Fast and reliable uncertainty quantification with neural network ensembles for industrial image classification
Arthur Thuy, Dries F. Benoit
TL;DR
This work tackles reliable uncertainty quantification in industrial image classification under distribution shifts by comparing a single NN, a deep ensemble, and three efficient ensembles (Snapshot, Batch, MIMO) on SIP-17, introducing the Diversity Quality metric $DQ_1$ to jointly assess in-distribution and out-of-distribution performance. The Batch ensemble emerges as a cost-effective and competitive alternative, matching deep-ensemble accuracy and uncertainty while significantly reducing training, testing, and memory requirements; Snapshot and MIMO show more limited gains due to over- or under-diversity and lower ID performance.

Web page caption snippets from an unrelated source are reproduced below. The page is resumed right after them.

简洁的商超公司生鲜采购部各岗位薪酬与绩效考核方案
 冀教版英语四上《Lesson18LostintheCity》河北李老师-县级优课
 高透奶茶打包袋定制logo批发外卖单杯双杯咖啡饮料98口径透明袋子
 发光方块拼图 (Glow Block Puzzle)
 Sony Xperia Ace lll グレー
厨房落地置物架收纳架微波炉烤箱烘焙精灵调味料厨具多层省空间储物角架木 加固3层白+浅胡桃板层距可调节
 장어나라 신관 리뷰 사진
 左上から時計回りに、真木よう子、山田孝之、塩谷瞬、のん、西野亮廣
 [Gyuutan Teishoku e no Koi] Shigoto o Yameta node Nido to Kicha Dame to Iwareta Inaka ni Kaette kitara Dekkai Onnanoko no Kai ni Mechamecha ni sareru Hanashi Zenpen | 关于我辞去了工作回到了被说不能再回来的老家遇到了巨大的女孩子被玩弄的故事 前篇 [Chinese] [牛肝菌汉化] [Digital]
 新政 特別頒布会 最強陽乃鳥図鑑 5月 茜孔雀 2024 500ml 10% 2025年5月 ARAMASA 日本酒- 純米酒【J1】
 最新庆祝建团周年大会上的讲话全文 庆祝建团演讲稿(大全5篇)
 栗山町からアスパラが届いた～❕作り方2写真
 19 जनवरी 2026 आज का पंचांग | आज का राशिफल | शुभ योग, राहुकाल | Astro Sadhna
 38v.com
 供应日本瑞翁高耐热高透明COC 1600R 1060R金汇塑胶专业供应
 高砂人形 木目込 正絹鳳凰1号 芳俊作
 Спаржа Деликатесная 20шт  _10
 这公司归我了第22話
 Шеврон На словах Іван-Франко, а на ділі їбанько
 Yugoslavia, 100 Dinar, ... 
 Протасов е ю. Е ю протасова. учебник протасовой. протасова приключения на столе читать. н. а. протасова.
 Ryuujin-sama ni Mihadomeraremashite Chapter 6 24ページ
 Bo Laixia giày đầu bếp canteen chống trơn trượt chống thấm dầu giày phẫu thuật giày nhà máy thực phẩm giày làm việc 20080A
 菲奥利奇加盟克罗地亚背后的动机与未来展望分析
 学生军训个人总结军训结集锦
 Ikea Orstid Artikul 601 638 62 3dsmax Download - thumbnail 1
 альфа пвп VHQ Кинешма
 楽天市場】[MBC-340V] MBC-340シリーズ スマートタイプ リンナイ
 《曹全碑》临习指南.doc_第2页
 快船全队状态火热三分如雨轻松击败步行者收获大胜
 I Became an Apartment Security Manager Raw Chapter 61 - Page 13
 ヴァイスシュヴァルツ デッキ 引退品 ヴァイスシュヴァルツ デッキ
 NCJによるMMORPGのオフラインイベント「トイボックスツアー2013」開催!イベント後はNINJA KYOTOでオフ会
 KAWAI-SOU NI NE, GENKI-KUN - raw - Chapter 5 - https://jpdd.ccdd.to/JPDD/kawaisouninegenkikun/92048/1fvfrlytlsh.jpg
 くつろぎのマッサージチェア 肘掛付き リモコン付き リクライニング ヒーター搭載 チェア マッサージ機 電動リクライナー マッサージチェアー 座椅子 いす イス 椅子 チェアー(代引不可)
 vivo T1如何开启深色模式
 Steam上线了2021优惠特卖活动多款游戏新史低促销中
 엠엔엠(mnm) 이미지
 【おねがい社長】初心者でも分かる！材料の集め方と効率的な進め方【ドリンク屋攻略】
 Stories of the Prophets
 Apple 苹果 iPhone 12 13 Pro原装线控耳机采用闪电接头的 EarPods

The study demonstrates that sharing parameters in Batch ensembles preserves strong uncertainty behavior on OOD data and enables effective classification-with-rejection strategies, making it practically valuable for industrial deployment. Overall, the findings support adopting Batch ensembles for reliable, scalable uncertainty quantification in manufacturing contexts and point to future work on larger datasets and sim-to-real validation.
Abstract
Image classification with neural networks (NNs) is widely used in industrial processes, situations where the model likely encounters unknown objects during deployment, i.e., out-of-distribution (OOD) data. Worryingly, NNs tend to make confident yet incorrect predictions when confronted with OOD data. To increase the models' reliability, they should quantify the uncertainty in their own predictions, communicating when the output should (not) be trusted. Deep ensembles, composed of multiple independent NNs, have been shown to perform strongly but are computationally expensive. Recent research has proposed more efficient NN ensembles, namely the snapshot, batch, and multi-input multi-output ensemble. This study investigates the predictive and uncertainty performance of efficient NN ensembles in the context of image classification for industrial processes. It is the first to provide a comprehensive comparison and it proposes a novel Diversity Quality metric to quantify the ensembles' performance on the in-distribution and OOD sets in one single metric. The results highlight the batch ensemble as a cost-effective and competitive alternative to the deep ensemble. It matches the deep ensemble in both uncertainty and accuracy while exhibiting considerable savings in training time, test time, and memory storage.